Esa flora chilena merece ser defendida. Preservar identidad nacional es también contribuir a su conocimiento, a la difusión de sus peculiaridades, a muchos respectos admirables, en libros, revistas y diarios.”
Los ambientes del mundo rural y nuestra cultura viva…
En esa indefinible relación entre el nuestro terruño y sus paisajes y los chilenos se fue gestando en nuestros campos toda una cultura viva que hoy toma mayor conciencia de si misma, se afirma y se expande. Ahí está entrañada parte de nuestra habitación cuotidiana del paisaje a lo largo de centurias. El autor lo discierne claramente:
“En esta misma línea de atender a facetas o rincones postergados de nuestro ser nacional, unimos esfuerzos con muchos otros que sintieron, hace ya algo más de dos décadas, que las oleadas sucesivas de la urbanización y de la globalización —benéficas a tantos respectos— estaban, sin embargo, desplazando a un plano injustamente inferior —o a la desaparición— a diversos rasgos de la chilenidad nacidos y desarrollados en los orígenes agrícolas del país, pero semiolvidados por las generaciones más jóvenes.

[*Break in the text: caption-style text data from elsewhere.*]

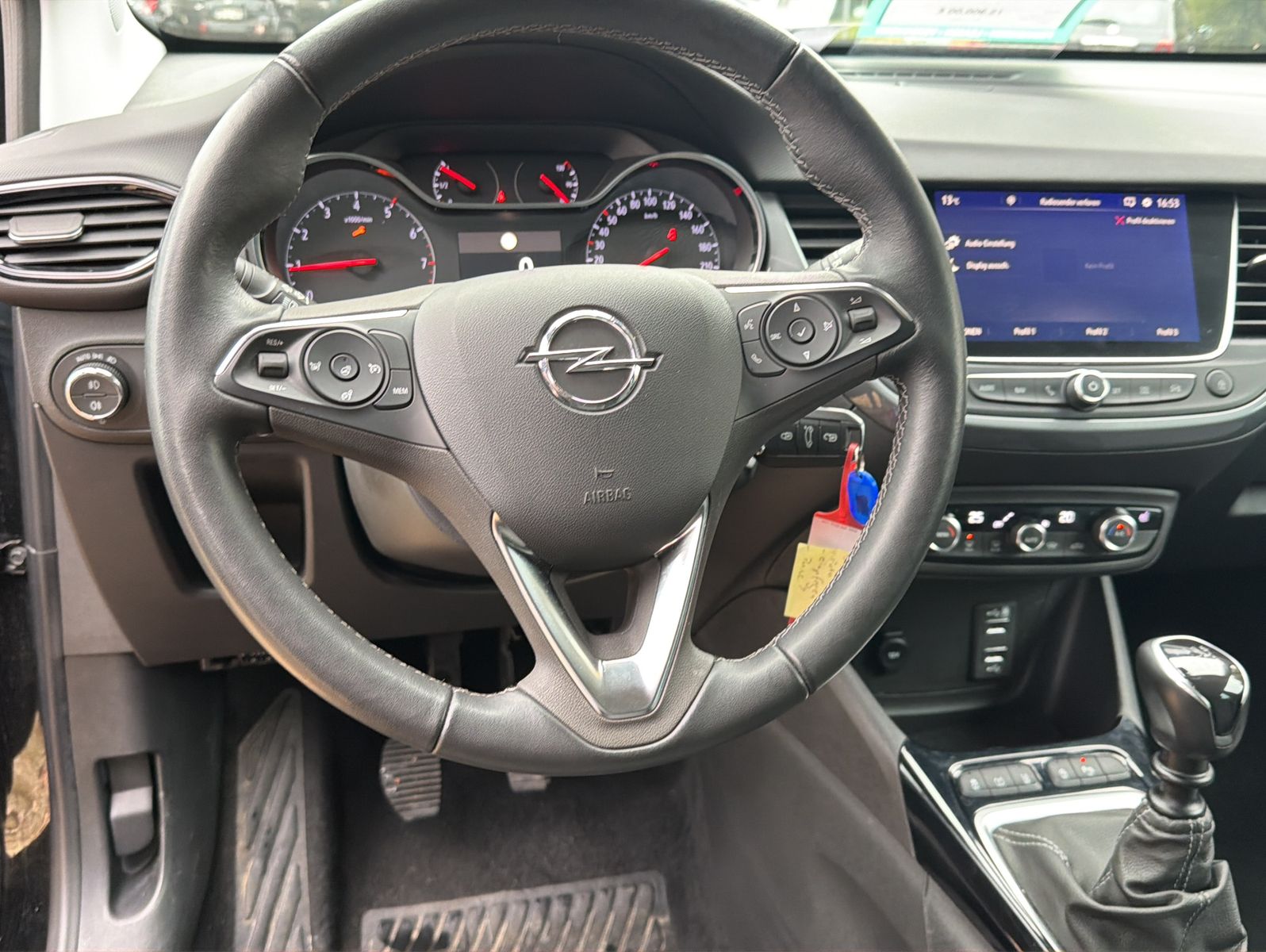 Fahrzeugabbildung Opel Crossland Enjoy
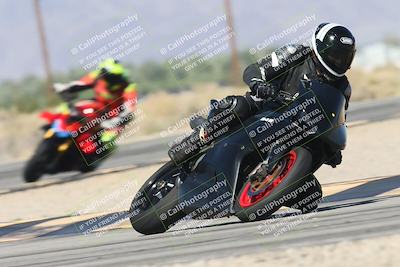 media/Oct-13-2025-Moto Forza (Mon) [[a66d839500]]/3-B Group/Session 3 (Turn 16)/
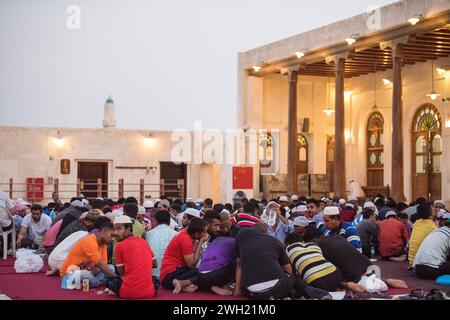 Doha, Qatar, 15 avril 2023 : iftar pendant le ramadan dans la cour de la mosquée de Doha, Qatar. Banque D'Images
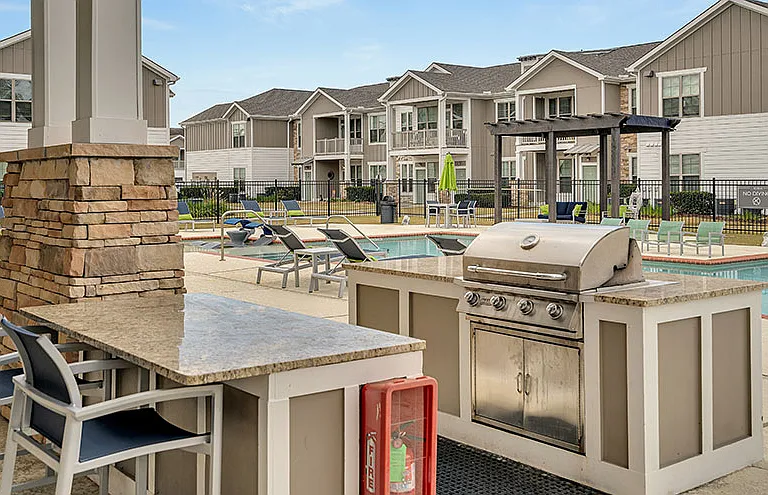 Retreat at Fremaux Town Center Apartments — Photo 28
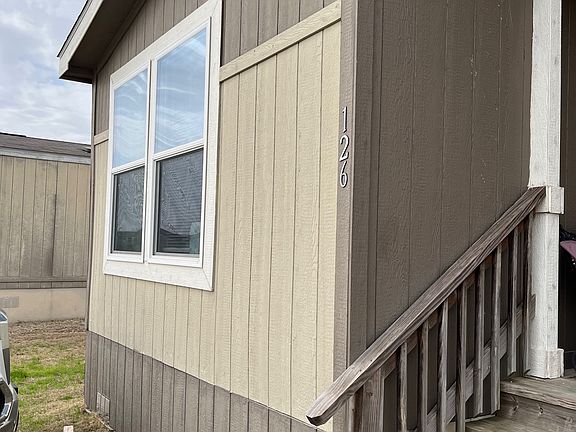 3rd image of 126 Palermo Dr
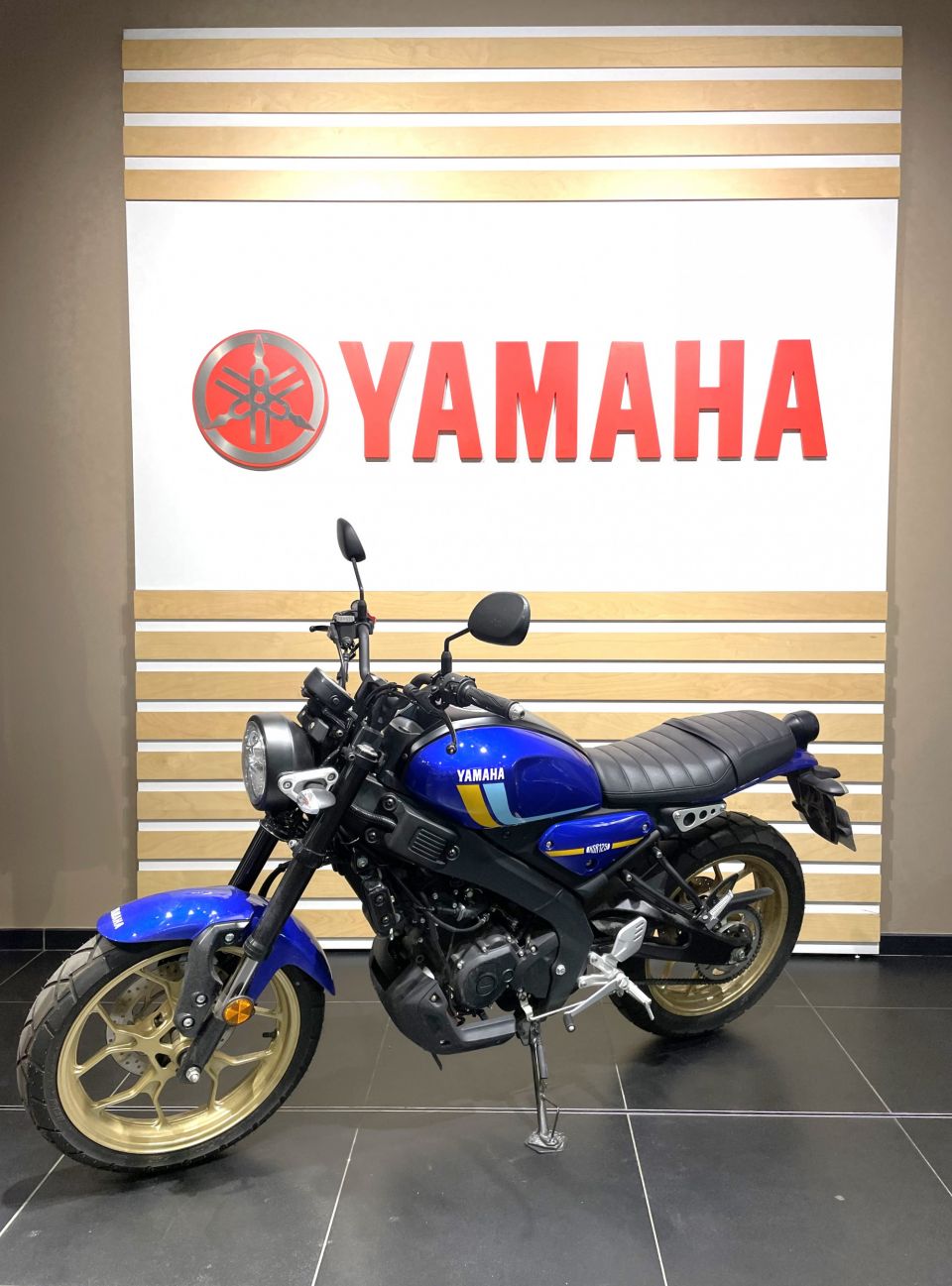 YAMAHA XSR 125 5
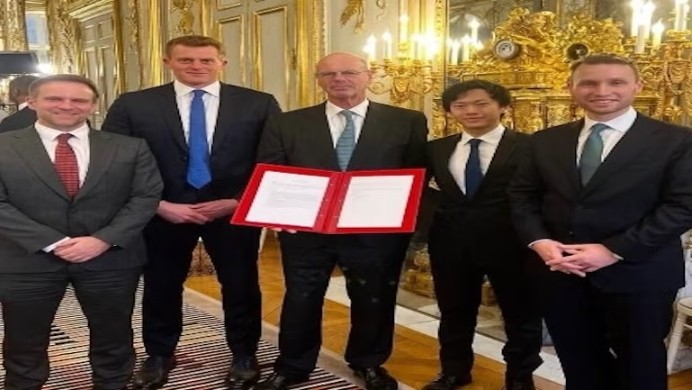 法国政府与Fluidstack签署MOU，共建全球最大脱碳AI超级计算机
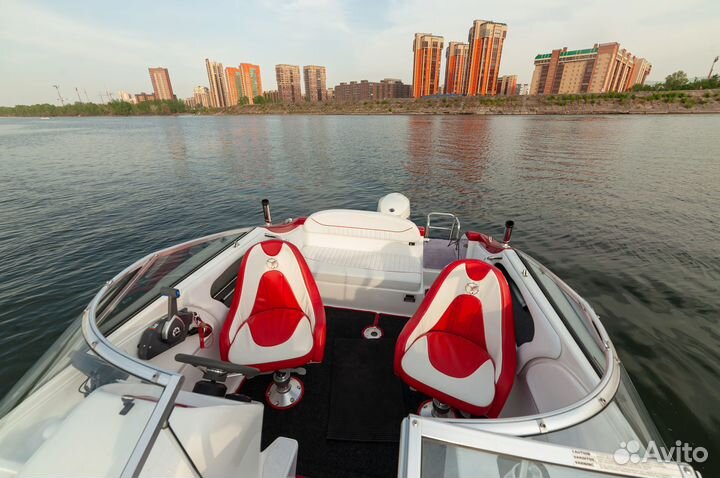 Катер Cobra 2050 Elegance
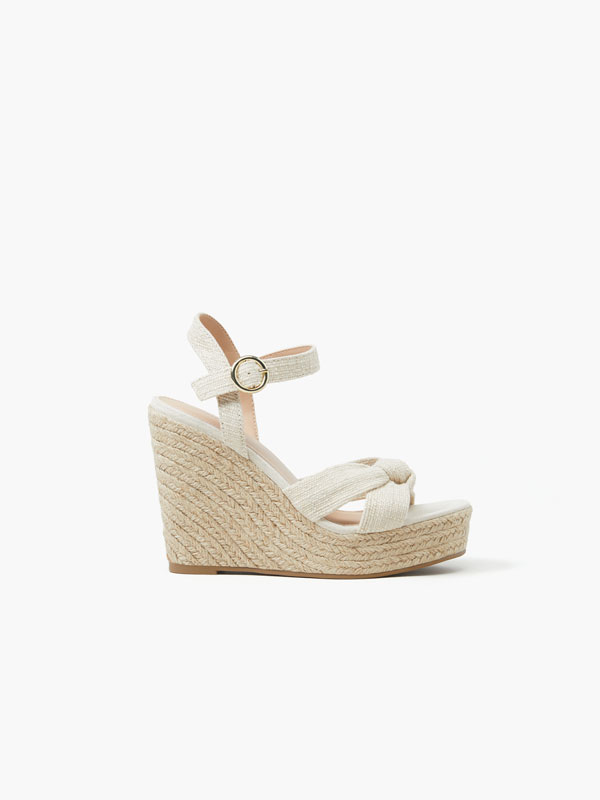 Jute wedges with knot detail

El alma de un país nace normalmente en su campo. Las ciudades se forman, crecen y atraen luego a los hombres y mujeres del mundo rural, pero el inicio está habitualmente en el agro. La tendencia mundial en los siglos más recientes es a la urbanización creciente, y las proporciones de población rural y urbana favorecen a la segunda, en tanto que disminuye la primera. Pero eso no debería llevarnos a borrar los orígenes, y olvidar sus rasgos propios en la homogeneización de lo urbano.
El Caballo chileno y nuestras tradiciones…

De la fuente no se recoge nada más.